How to Stay Curious When You Deeply Disagree With Someone

When someone’s worldview feels harmful, frustrating, or painfully different from our own, curiosity can feel almost impossible.

Many of us want to respond with compassion, but instead feel judgment, defensiveness, or anger. This article explores how curiosity can interrupt that cycle — and why it may be one of the best ways we can make relational change in a polarized world.

When Ignorance Meets Arrogance

I was recently struck by a quote from Buddhist teacher Kaira Jewel Lingo:

“We need to learn to have compassion for people’s ignorance.”

Throughout the week, I found myself reflecting on this and just how difficult this is for me to do.
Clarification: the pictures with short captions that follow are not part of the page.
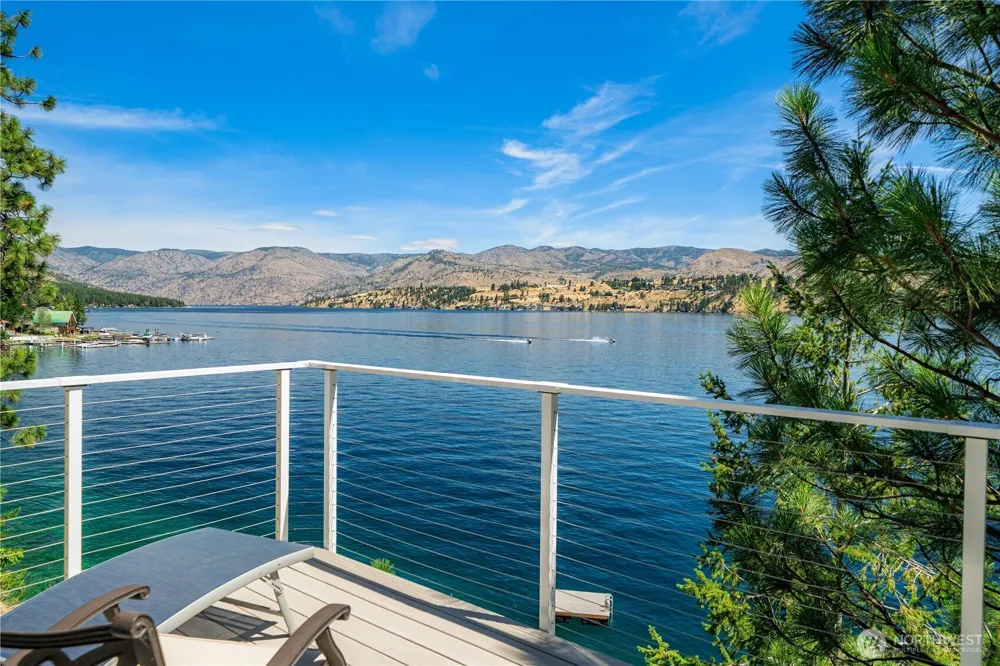 9064 S Lakeshore Rd. Chelan, WA 98816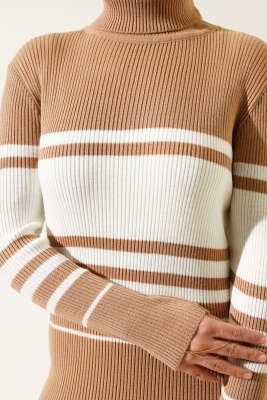 Boğazlı Fitilli Çizgili Triko Elbise Latte - Tesettür Elbise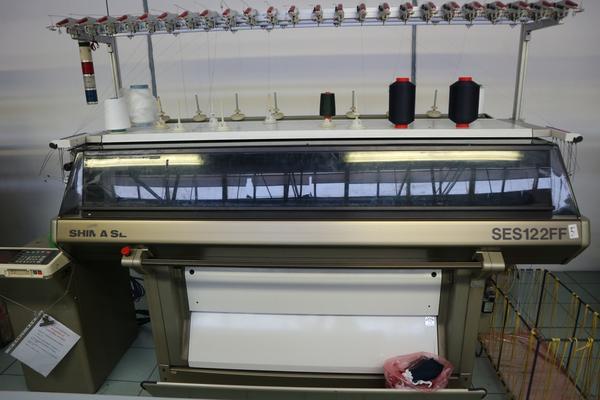 1#2610 Azienda dedita alla produzione e commercio di abbigliamento in vendita - foto 10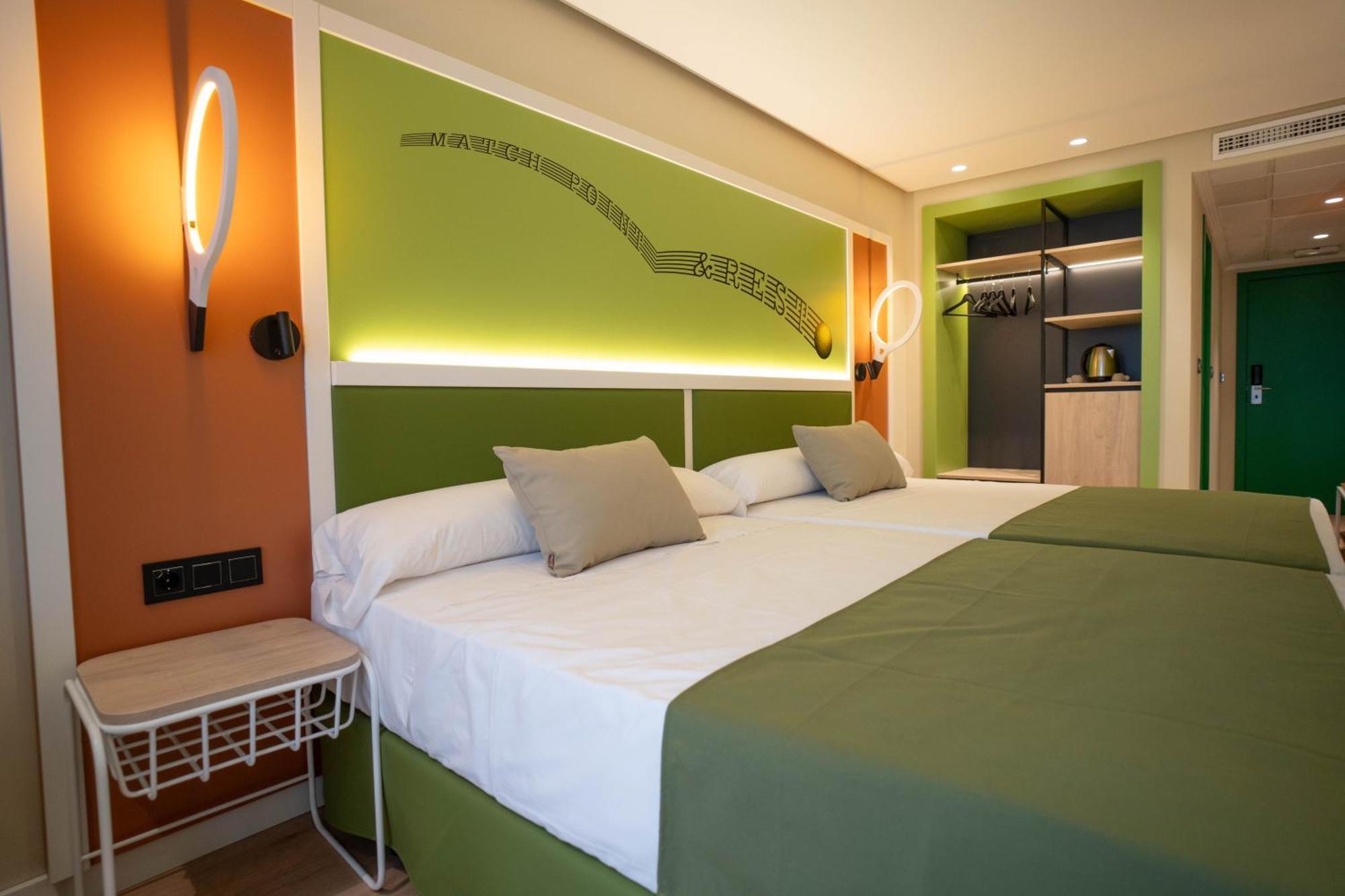 Match Point Quadruple Room Tennis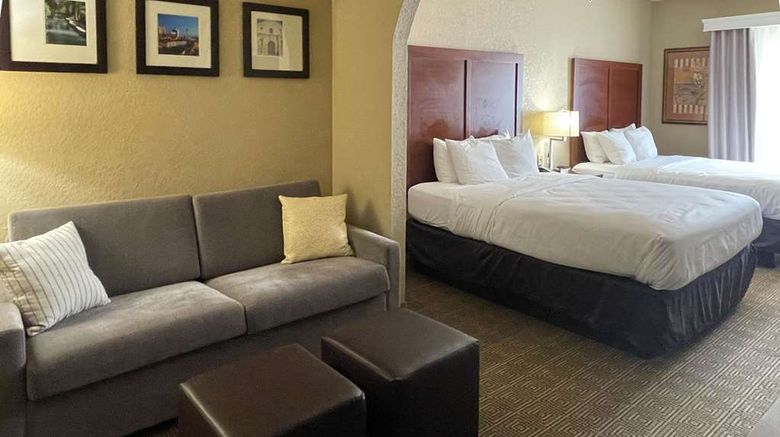 <b>Comfort Suites near Seaworld Suite</b>. Images powered by <a href="https://iceportal.shijigroup.com/" title="IcePortal" target="_blank">IcePortal</a>.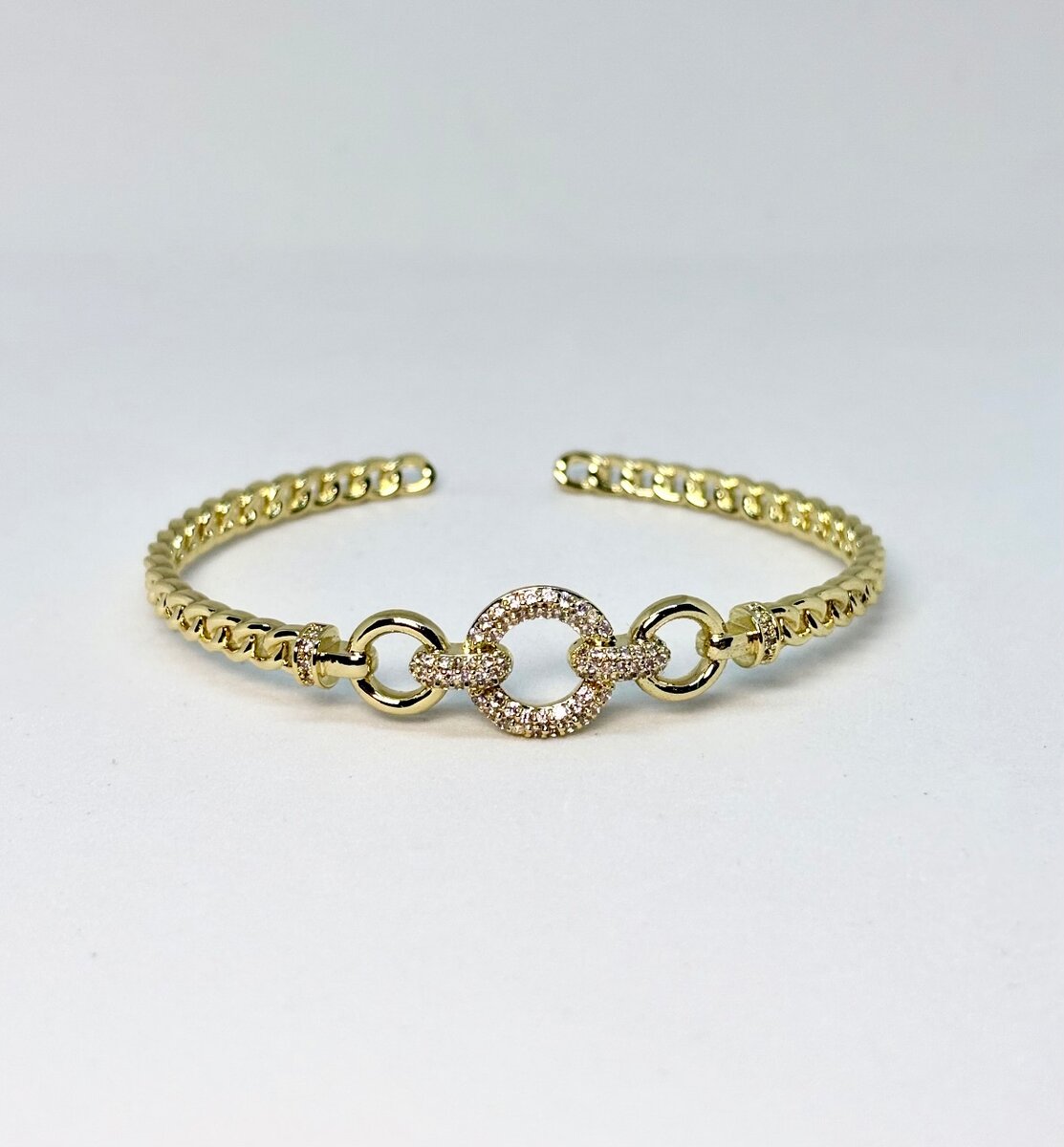 Bracelet en or chic et élégant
Rather than compassion, my first instincts tend toward judgement, othering, and inner frustration.

Why don’t they see what I see?! How can this be what they think? Haven’t they ever [insert any of my own experiences]?! If only they would…

And before I know it – I’ve met the perceived ignorance of another with arrogance of my own.

But what if both of these are two sides of the same coin? What if an expansion of Kaira Jewel Lingo’s quote might look something like:

We need to learn to have compassion for people’s ignorance and arrogance – including our own.

Because in a world of so much uncertainty – where so many of the systems around us work to invisibilize our humanity – it’s natural to reach for certainty in our own ways. To draw circles around what we know and who we know as a way of creating stability – as a way of not putting ourselves in a position to be hurt or feel invisibilized even further.

Each of us creating our own internal lists of “what we know is true” and coming off as ignorant to others with different life experiences and worldviews. And vice versa.

This dynamic feels like a bit of a death spiral pulling us toward more polarization, separation, and closed-off relationships. Feeling more sure of where we stand…but further apart from those around us. (I certainly feel this with the family member ​I wrote about last week​.)

So what might actually interrupt this dynamic?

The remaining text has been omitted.